For the many sequenced poems of Arrow, there are several interlocutors, particular versions of you who are asked questions, and in some cases, asked to speak back: a spirit, an apostrophe to the reader, questions the poet directs to herself. The poem “Basic Questions” begins with an impossible curiosity—a question from a voice presumed distinct from the speaking voice:
What was the experience of death like for you?
The fluids within my body failed to be held within my body, which, as far
as I can tell, does not entirely differ from some experiences of life.
The poem externalizes itself; it looks outwards as a means of conversing with memory. Likewise, the fifty-two section “Windows” is a panorama of visceral image-conjuring, an active attempt to observe for whatever time our senses allow: “vision watered / profusely a garden of images.” Chakraborty returns to this vision—she calls it elsewhere visio, a dream remembered as reality—as a measure of address, of reanimating figures as experienced in the poem’s own making and re-making as its read.

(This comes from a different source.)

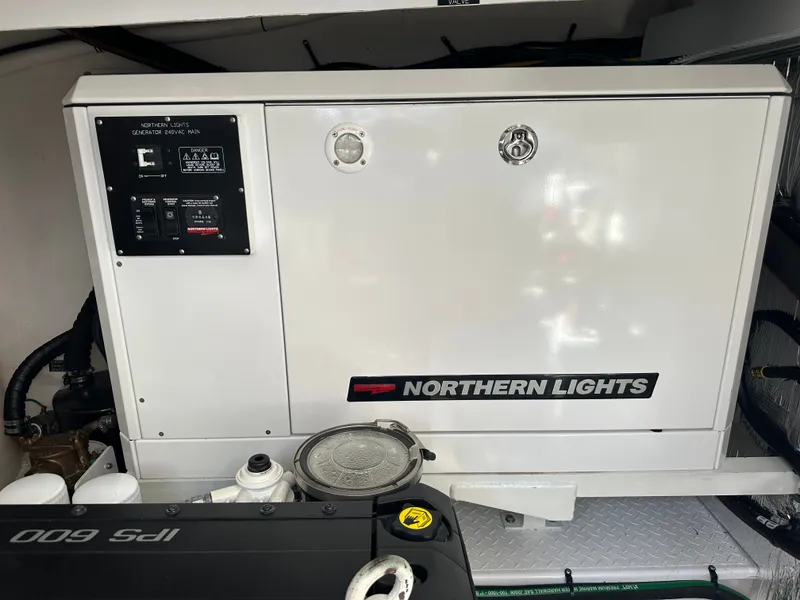 Slide: The Image of Cruisers 46 Cantius 2020 - 34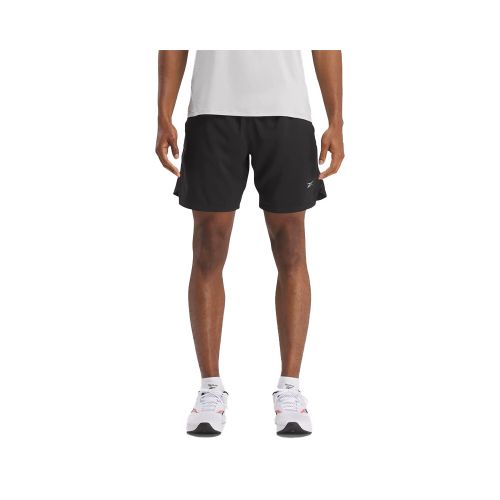 Short Reebok 5 Pulgadas - Negro — Fitpoint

Nothing from Arrow marks itself as epistolary, at least not as explicitly as Auden’s “New Year Letter” or Mennies’s The Naomi Letters. The long elegy “Dear, beloved” is not an epistle—the title is made of names for the elegized: “Sister, I don’t listen to lovers, / either, who I call by the same names that were yours: / dear, beloved.” Yet to address those who exist in the past with such exacting vision seems to urge those figures into the present, making the poem, as if they may call out and answer, like a letter. “The girl would have been twenty-four. This was my visio. / Sometimes I think of it as prophecy. Other times, history.” To contend with ostensibly different sides of one moment—and in doing so, project the visio in those directions—does not render time shapeless, or a void for the meaning of one lifetime; instead, it twines the visio and the poem’s address intimately to its own making, its own process of being encountered on the page and in the minds of readers. To protract Auden’s “we in fact live in eternity,” this is a process of endless presence. To quote the poem: “Dears. Beloveds. / You’ve been asleep a long time, but we all return / to the waking world someday.”

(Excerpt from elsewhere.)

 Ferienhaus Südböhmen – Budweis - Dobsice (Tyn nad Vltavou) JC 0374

Auden writes in his famous elegy for Yeats that poetry is “a way of happening.” Poetry itself is the process of happening, its reanimating force something experienced each time a poem is read in our heads, aloud, privately, or to others. The best poems—Mennies’s and Chakraborty’s poems—are made with such specificity, such unmistakable architecture, that hearing them is precisely this experience, this happening. As we actively engage with these poems, and as these poems conduct us through that engagement, their loved and beloved figures seem to almost, almost answer our questions.